I've been writing a lot recently about how people don't need to know everything, and how it's impossible to know everything. It's something I 100% stand by, and there are so many things that I don't know a lot about. So I wanted to do something different and open up the discussion about things that we aren't interested in learning.
I'll start:
VIM - I know people absolutely love VIM, but I'm super happy with my text editor set up, and don't really feel a need to overcome the VIM learning curve. Part of me does sometimes think about it, but at least for now, I'm good.
DevOps - Fun fact, my title for the first year or so of my software engineering career was "DevOps engineer" -- I didn't really do DevOps, but I can sort of navigate my way around setting up a server, and I have set up a Kubernetes cluster. That being said, the output isn't that tangible to me, and it's not something I'm super interested in diving too much deeper into that world.
Advanced math - I took Calculus in high school, and took a couple of stats classes in college, but that's really the end of my math education. I'm not super interested in diving too much further into that world, and, to be honest, I forget a lot of the stuff I have learned in the past.
Lower level programming - the more tedious process in order to build useful things in lower level languages doesn't really interest me.
Hardware - I'm not super into hardware, I like my pre-built Mac's and the world of building computers just doesn't draw me in.
There are a milion and one things I would love to learn, but I can't learn everything.
What tools or technologies are you not interested in learning?
Latest comments (98)
Exactly your points and more:
DevOps extravaganza. I learn exactly what I need to do deploy things. It's too complicated and boring to death.
.NET or anything related to.
VR and AR.
Blockchain - useless outside hype bubble.
React.
CSS
Data analysis and visualization. Don’t get me wrong, I absolutely love to visualize my own data (heck, I organize my financial data and display it for myself as if it was a 90s financial newspaper, just for fun; cue to my design and typography background) but I am absolutely not interested if the data is other people’s. I don’t like treating “audiences” like herds of sheep or like some thing to study. Analytics, studying users and customers, putting everyone into labels and boxes? I don’t like it. I’d rather make useful products that grow organically, instead of entertainment sugar that analyzes users like a microscope.
I think my point is, I’m not interested in user analytics.
I don't want to learn vim because back in the day I learned vi and that's enough for me :) (I used to know how to use ex and ed well too, but fortunately I can't think of the last time I was forced to resort to line at a time editors.)
I used to want to know Drupal but fortunately I no longer have to deal with anything like that professionally.
Not interested in Ruby.
No Haskell. (Tried once, briefly, broke a tooth.)
I would say nothing that never reaches the break even point between investment and increased productivity (or what ever the gain is).
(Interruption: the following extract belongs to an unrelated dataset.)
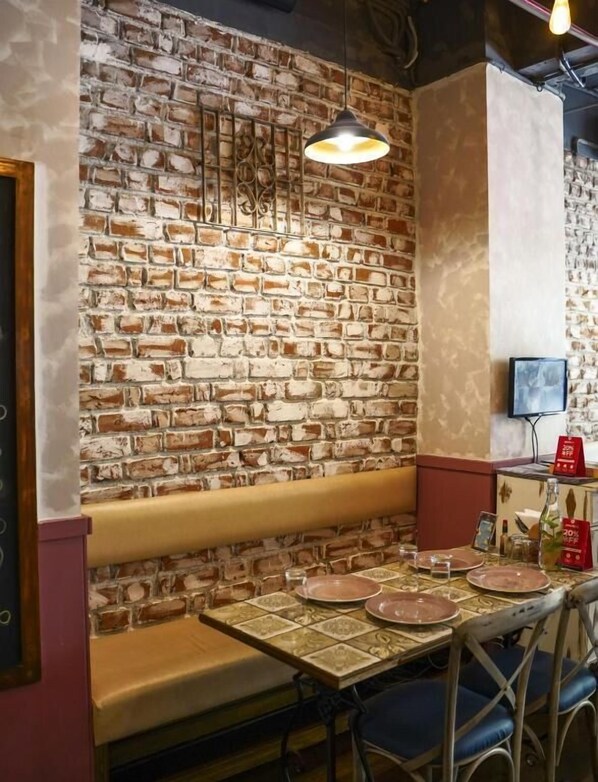 Dining - BNGV Mystic Premier (Bengaluru)
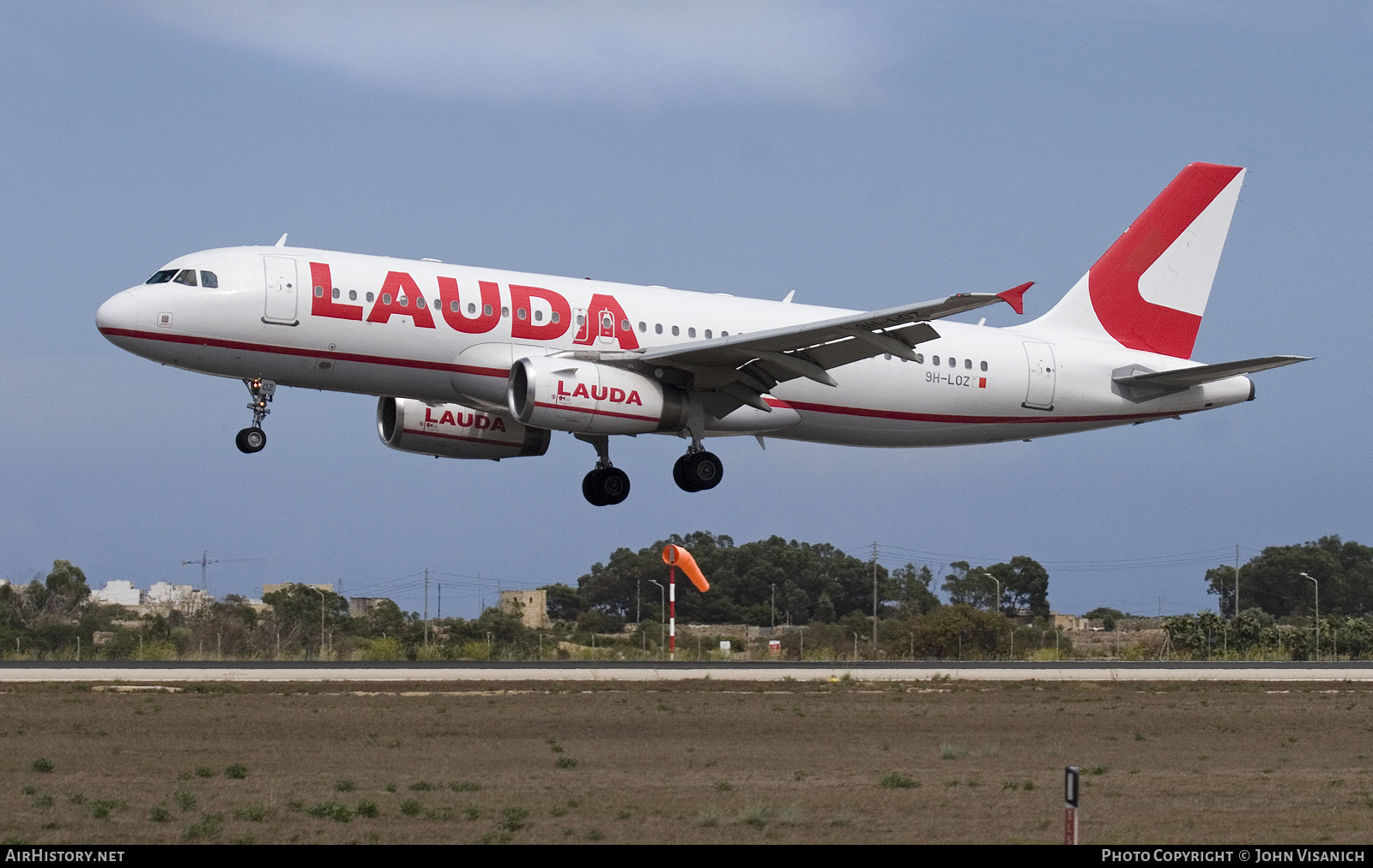 Aircraft Photo of 9H-LOZ | Airbus A320-232 | Lauda | AirHistory.net #489739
The problem is you often don't know it beforehand and therefore in my opinion something you definitely want to learn is how to fold a bad hand (or skill).
I'm happy to see that you're also not interested in devops and lower level languages :) I had the same idea in mind a couple of years ago when I was building and setting up the production node.js environment at work. That led me to develop stormkit.io which was built exactly with this use case in mind: Just focus on your code, and get your production-ready environment out of the box. It's still in the alpha stage, so I'd be super happy to hear your feedback.
To answer the question asked: I'm not interested in learning anything that's documented exclusively in 1000 page PDFs. (Encountered 2 such systems at my last job and found it highly demoralizing. 😬)
On the VIM tangent…
For anyone who's in the "I'll learn VIM when I've got tons of free time and feel somehow inspired to slog through the VIM tutorial," check out vim-adventures.com! (No affiliation.)
I started the tutorial twice without finishing before stumbling on this surprisingly-entertaining game. It had 12 levels, rather than 13, at the time, and I finished them all over the course of a few days and came out with skills I thought would be forever beyond my reach!
The first 3 levels — which are free with no account creation necessary — give you a good feel for it, along with the basics needed to begin to "feel" what VIM motions can do. As a matter of principle, I generally hate to endorse products in open forums, but this one's worth making an exception as it's rare to find anything that makes learning a dry technical skill feel not just fun, but effortless.
-> Front End and UX stuff
-> TOTALLY VIM, it scares me
Networking , robotics , block chain , AI , Design
To stay on the topic though, I don't really have any desire to learn Ruby in any more depth than I already have unless there's a project or reason for me to do it, nor objective-c as I already know several c based languages and swift is slated to replace it anyway and I know enough to be able to context switch to knowing it as well as most programers in 1-3 days.